(Instructions for the task): Your answer must be the exact lines of the listing below that run from the line with "thumbnail image 4" to the line with "Mid Century Giltwood", ends included, and no pictures.

(Data extract):
--
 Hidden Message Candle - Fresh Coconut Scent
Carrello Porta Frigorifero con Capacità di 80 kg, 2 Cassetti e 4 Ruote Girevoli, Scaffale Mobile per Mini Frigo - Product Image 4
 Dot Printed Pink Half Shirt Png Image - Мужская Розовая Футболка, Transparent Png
--
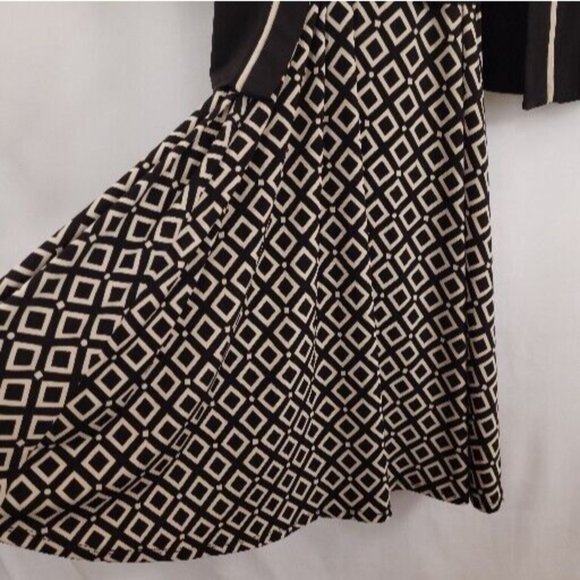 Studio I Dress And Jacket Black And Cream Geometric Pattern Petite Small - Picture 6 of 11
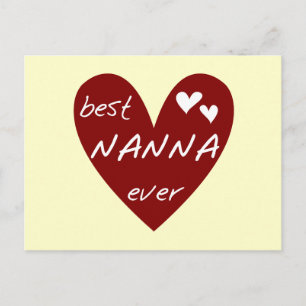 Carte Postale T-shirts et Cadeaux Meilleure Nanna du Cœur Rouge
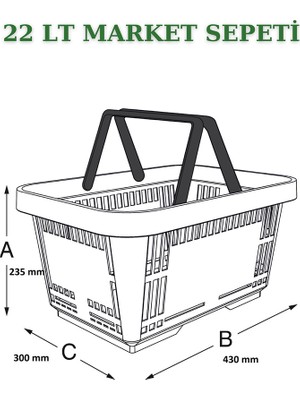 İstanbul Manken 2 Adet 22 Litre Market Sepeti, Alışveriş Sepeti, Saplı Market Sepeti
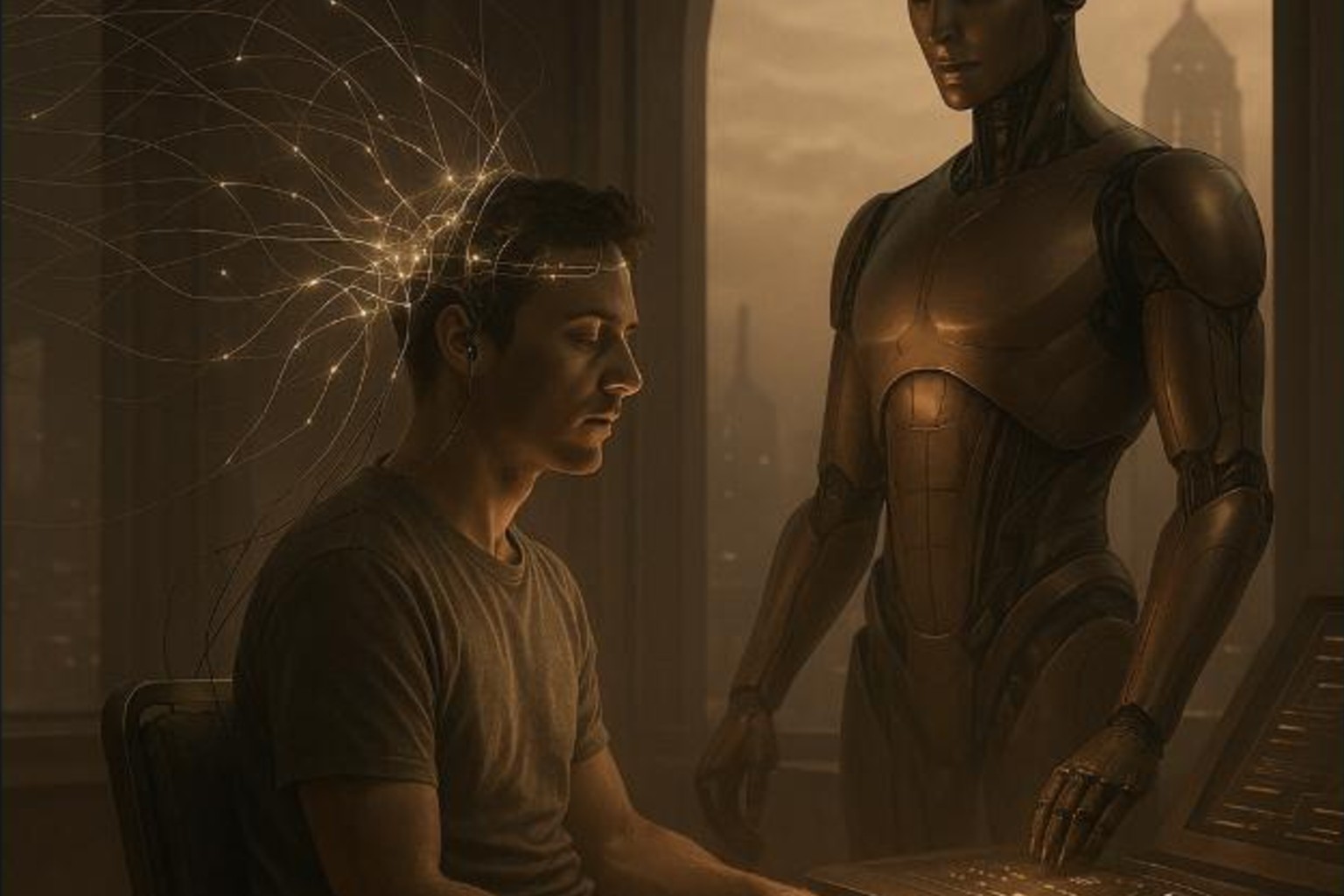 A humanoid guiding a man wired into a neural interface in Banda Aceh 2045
--
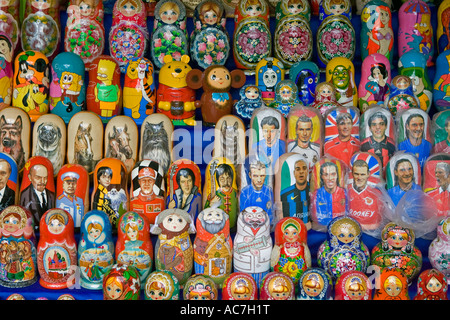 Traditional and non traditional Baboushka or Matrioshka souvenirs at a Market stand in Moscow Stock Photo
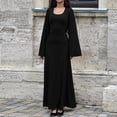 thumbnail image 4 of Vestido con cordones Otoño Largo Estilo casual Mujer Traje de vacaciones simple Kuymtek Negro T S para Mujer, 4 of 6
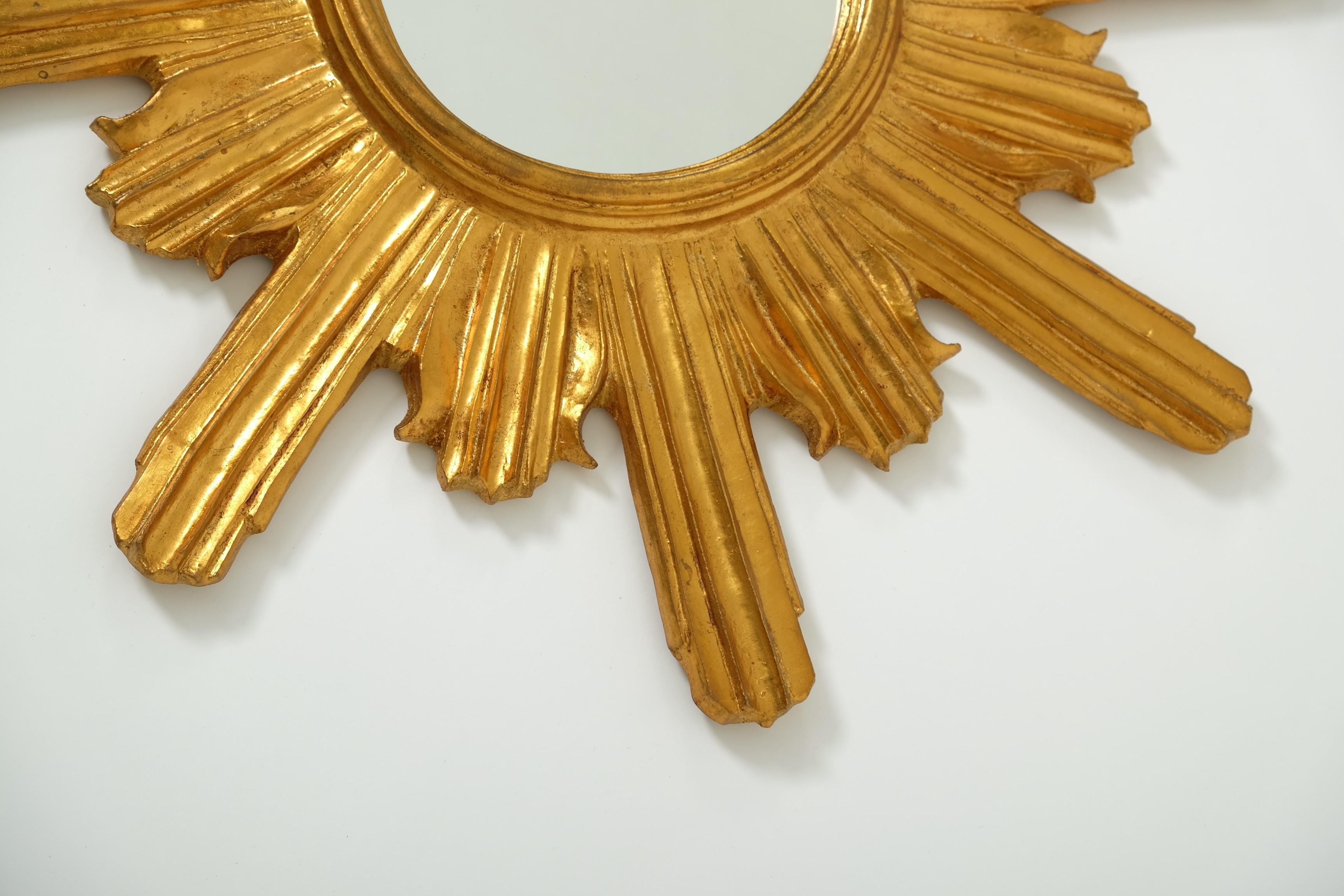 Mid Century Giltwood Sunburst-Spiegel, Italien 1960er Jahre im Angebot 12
--
(Exercise result):
 thumbnail image 4 of Vestido con cordones Otoño Largo Estilo casual Mujer Traje de vacaciones simple Kuymtek Negro T S para Mujer, 4 of 6
 Mid Century Giltwood Sunburst-Spiegel, Italien 1960er Jahre im Angebot 12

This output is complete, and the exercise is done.